Maps of the CMB polarization sky are usually decomposed into E- and B-modes, corresponding to specific patterns of polarization, which are sourced by distinct physical mechanisms in the early universe. The B-modes are of particular interest as they could have been, on the largest angular scales, generated by hypothetical primordial gravitational waves produced by inflation, and on the smallest angular scales by gravitational lensing effects due to large-scale structures emerging in the universe at redshifts of a few. Although the lensing contribution to B-modes has been gradually characterized since 2014, the primordial signal is still undiscovered at the moment. Several CMB space missions are currently being designed and studied, with the goal, among others, of characterizing primordial B-modes on the largest angular scales. Yet, all these instruments have to face and deal with galactic foregrounds: our own galaxy, the Milky Way, emits in the microwave frequency bands of interest, namely through synchrotron radiation and dust thermal radiation dominating at low (< 80GHz) and high (>150GHz) frequencies respectively. The foreground B-mode polarization signal is expected to be significantly above that due to the CMB even in the cleanest regions of the sky and the cleanest frequency bands.

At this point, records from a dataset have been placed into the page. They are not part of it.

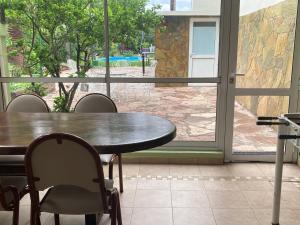 Quinta Hostaco في سان نيكولاس دي لوس أرويوس: طاولة وكراسي في غرفة بها نافذة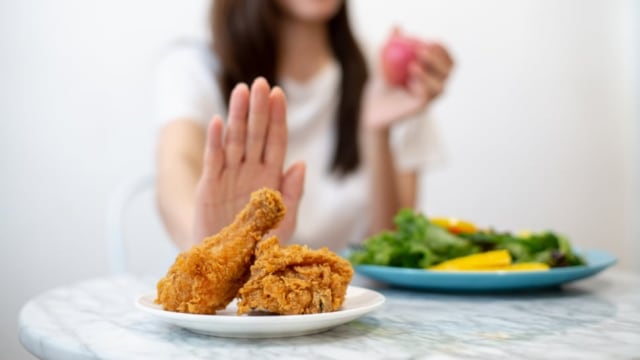 Ilustrasi wanita diet. Foto: Shutterstock
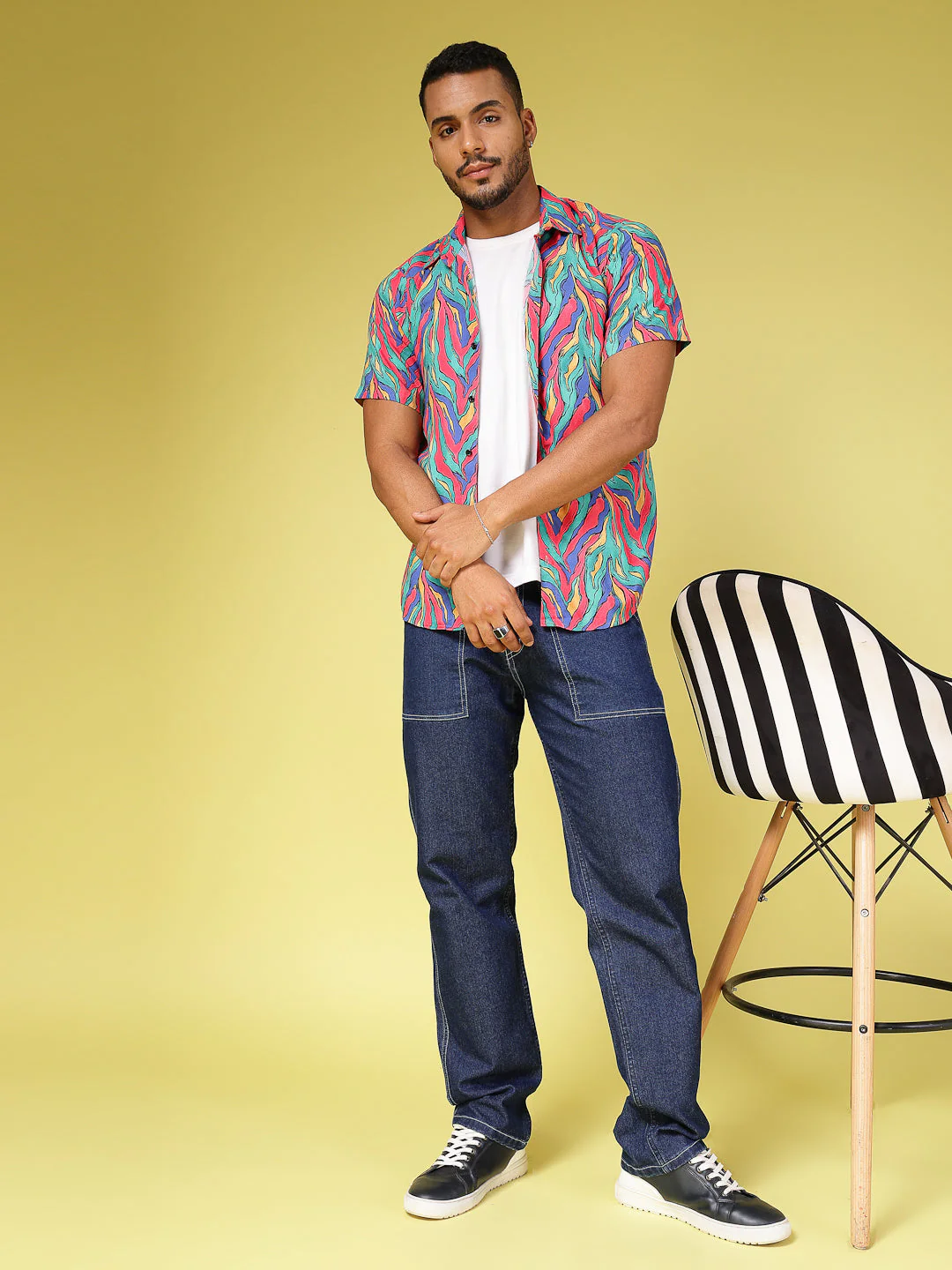 Men Modern Straight Fit Cotton Denim Jeans - Image 2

A robust foreground-cleaning procedure, so-called component separation, is necessary to detect primordial B-modes and to set reliable constraints on inflationary theories. Such procedures can only be efficient in certain circumstances, which in turn define sufficient and necessary characteristics of the data set, which the forthcoming experiments have to collect to ensure successful outcome of the entire effort. This is even more complex in the presence of instrumental effects, which have to be accurately modeled and potentially mitigated. Many of them depend on observational frequency in a non-trivial manner confusing and limiting accuracy of the component separation procedures.

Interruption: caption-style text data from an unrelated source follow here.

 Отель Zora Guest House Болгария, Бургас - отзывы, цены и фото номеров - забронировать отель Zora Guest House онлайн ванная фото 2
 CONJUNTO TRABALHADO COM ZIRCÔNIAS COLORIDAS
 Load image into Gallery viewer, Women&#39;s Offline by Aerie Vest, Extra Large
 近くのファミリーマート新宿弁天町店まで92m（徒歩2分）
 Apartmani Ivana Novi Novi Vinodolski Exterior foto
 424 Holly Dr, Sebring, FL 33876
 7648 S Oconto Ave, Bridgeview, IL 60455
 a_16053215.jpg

The proposed PhD thesis will consist in:

(1) developing novel component separation techniques suitable for the B-mode science and taking into account the presence of instrumental effects (as motivated by the LiteBIRD mission); 

(2) implementing these techniques in a form of numerically efficient well-documented codes; 

(3) demonstrating and validating them on advanced simulated data implementing cutting-edge models of the galactic foregrounds physics and real data sets coming from ground-based efforts, such as the Simons Array and Simons Observatory; 

(4) turning these techniques in software tools, permitting efficient optimization and validation of the instrumental designs;

(5) validating on and applying them to the optimization and design of the satellite project, LiteBIRD. LiteBIRD is an international project, led by JAXA, which is in Phase A at JAXA and CNES. It is designed to have both a very sensitive focal plane and an exquisite control of instrumental systematic effects. Its launch is planned for 2027, and it will observe the whole sky over 3 years. This thesis will contribute directly to design and optimization of the LiteBIRD instrument ensuring that the mission will be capable of reaching its ambitious science goals. Using the formalism developed here we will set up requirements for the precision of calibration of different elements of the detection chain.

The thesis will be performed in the context of the French involvement in the LiteBIRD mission and will strengthen contributions of the APC team, who has been playing very visible roles in the LiteBIRD collaboration on the European and global mission levels, including the LiteBIRD performance team (led by J. Errard (APC) one of the proposers of this project) and the foreground (Errard, Stompor (APC), the proposers) and systematic Joint Study Groups (co-led by G. Patanchon (APC) collaborator on this project, and Stompor (APC), one of the proposers).